What is required:
Every entry below should be written out exactly, and no image should appear.

Source material:
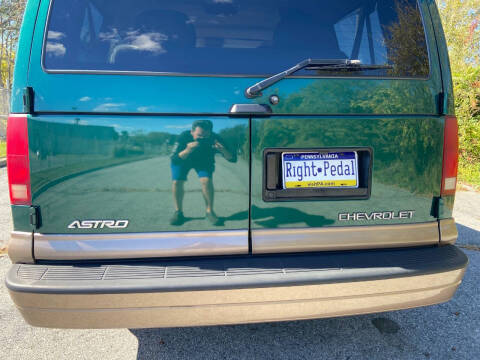 2000 Chevrolet Astro LS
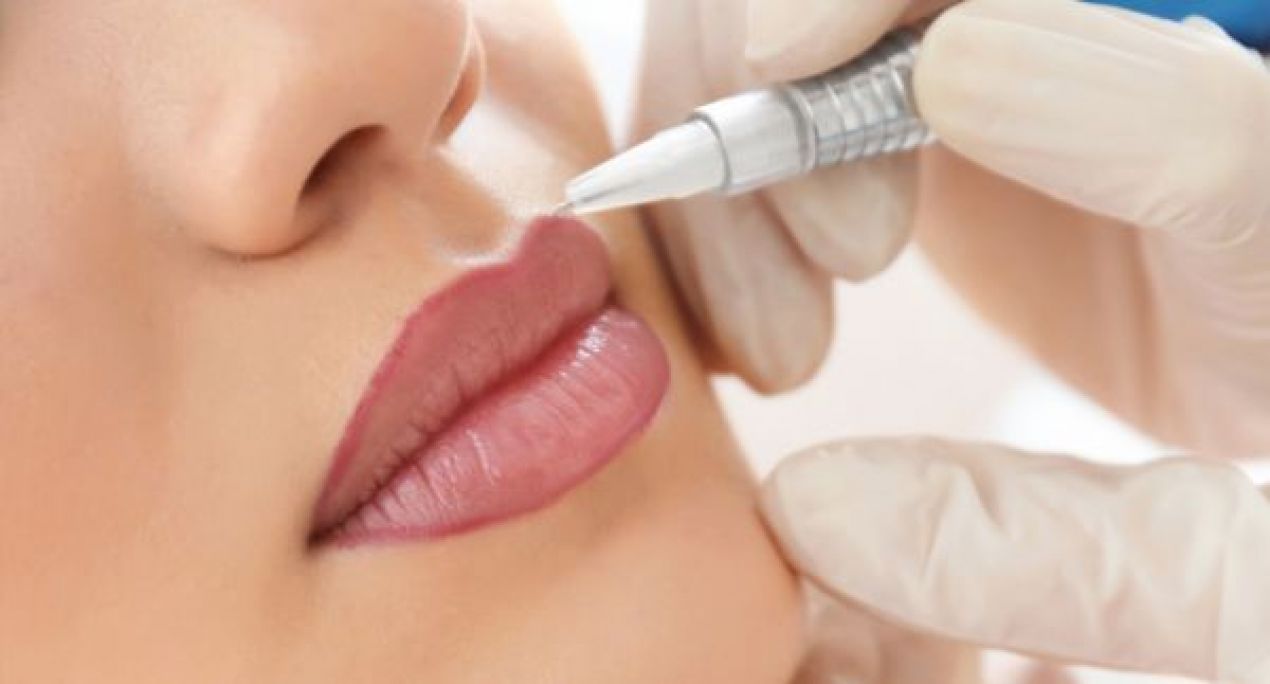 Rouge à lèvres semi-permanent à Morsang-sur-Orge (91) Par Charlène - Estheca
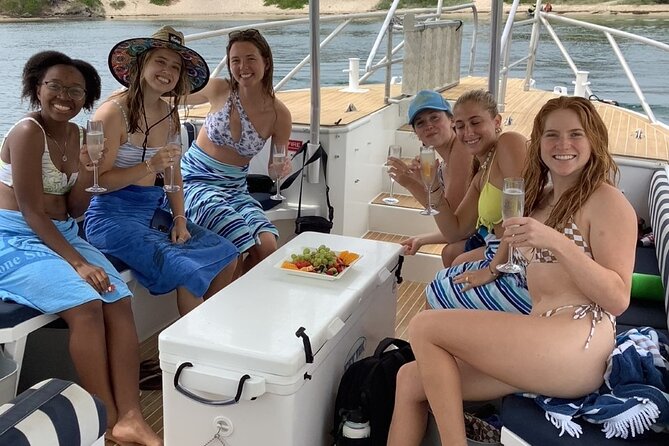 Gold Coast Private Broadwater Day Cruise With Lunch - Reviews and Feedback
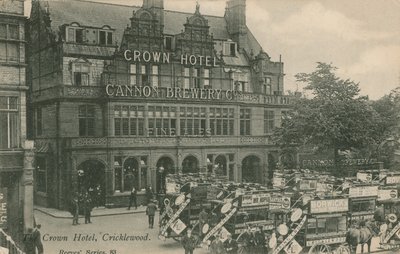 Crown Hotel, Cricklewood door English Photographer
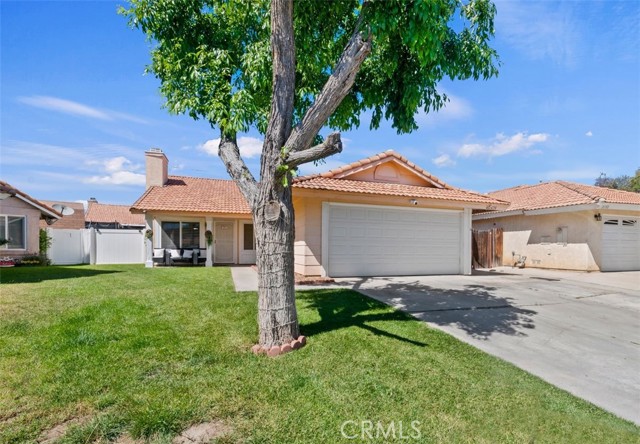Detail Gallery Image 4 of 33 For 14774 Lavender Ln, Moreno Valley,  CA 92553 - 3 Beds | 2 Baths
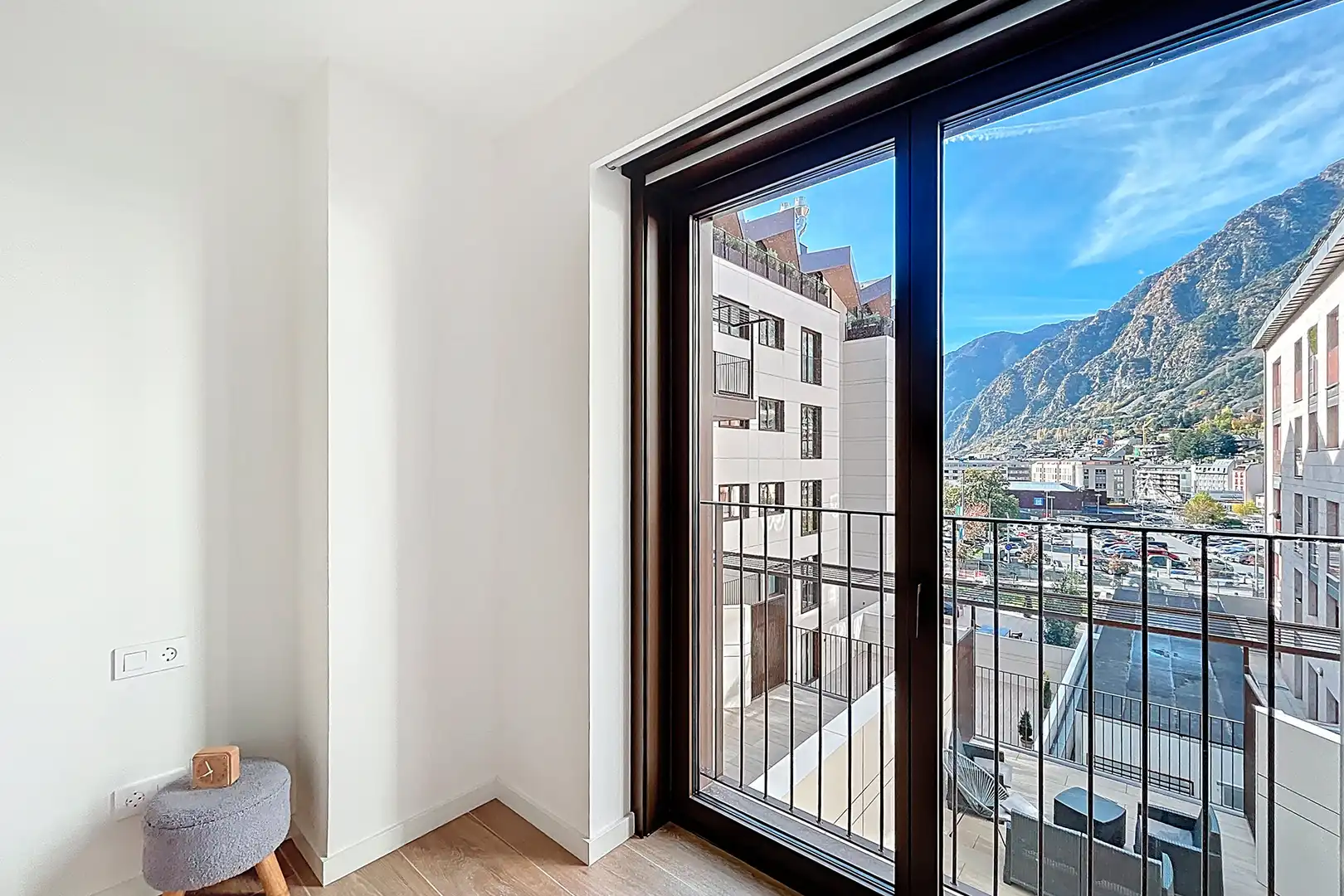 Bedroom of Apartments for sale in Escaldes – Engordany  with Parquet flooring and Terrace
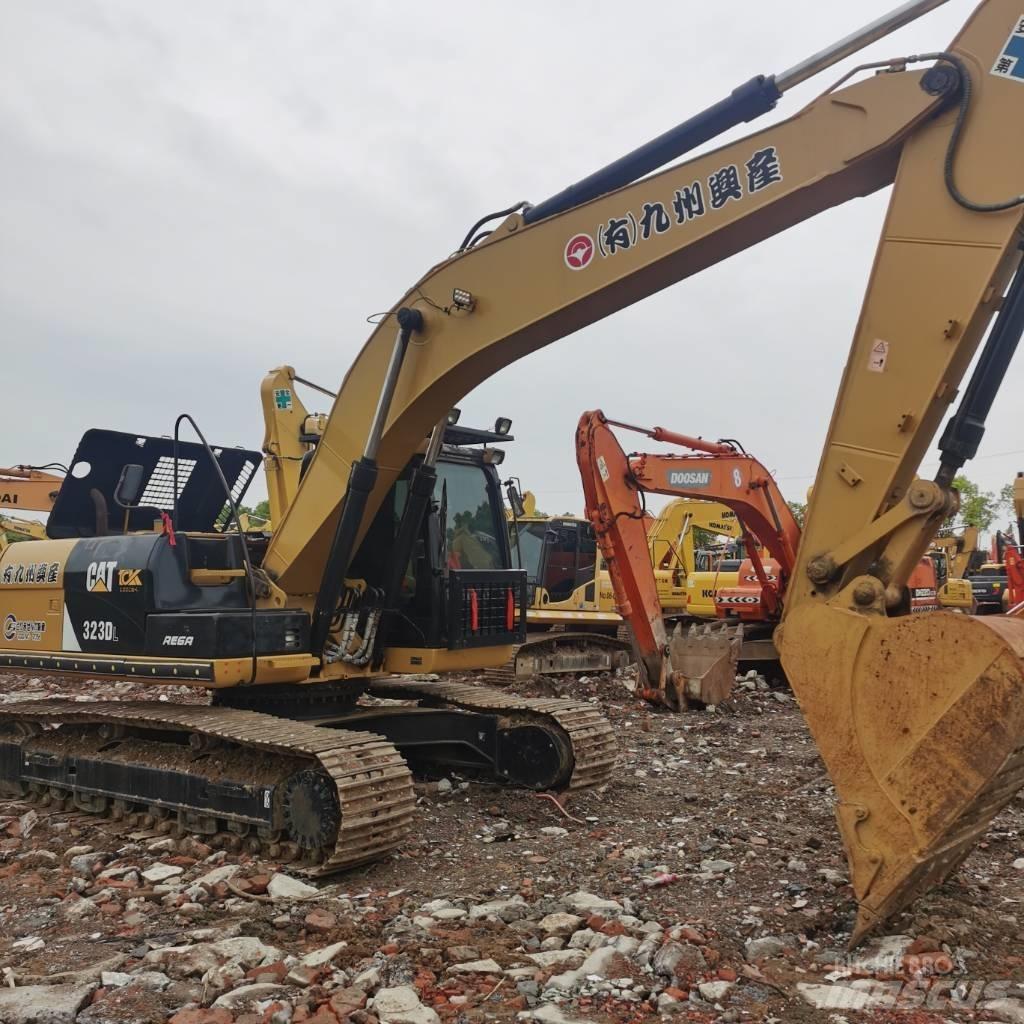 CAT 323DL Beltegraver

Finished task:
 2000 Chevrolet Astro LS
 Rouge à lèvres semi-permanent à Morsang-sur-Orge (91) Par Charlène - Estheca
 Gold Coast Private Broadwater Day Cruise With Lunch - Reviews and Feedback
 Crown Hotel, Cricklewood door English Photographer
Detail Gallery Image 4 of 33 For 14774 Lavender Ln, Moreno Valley,  CA 92553 - 3 Beds | 2 Baths
 Bedroom of Apartments for sale in Escaldes – Engordany  with Parquet flooring and Terrace
 CAT 323DL Beltegraver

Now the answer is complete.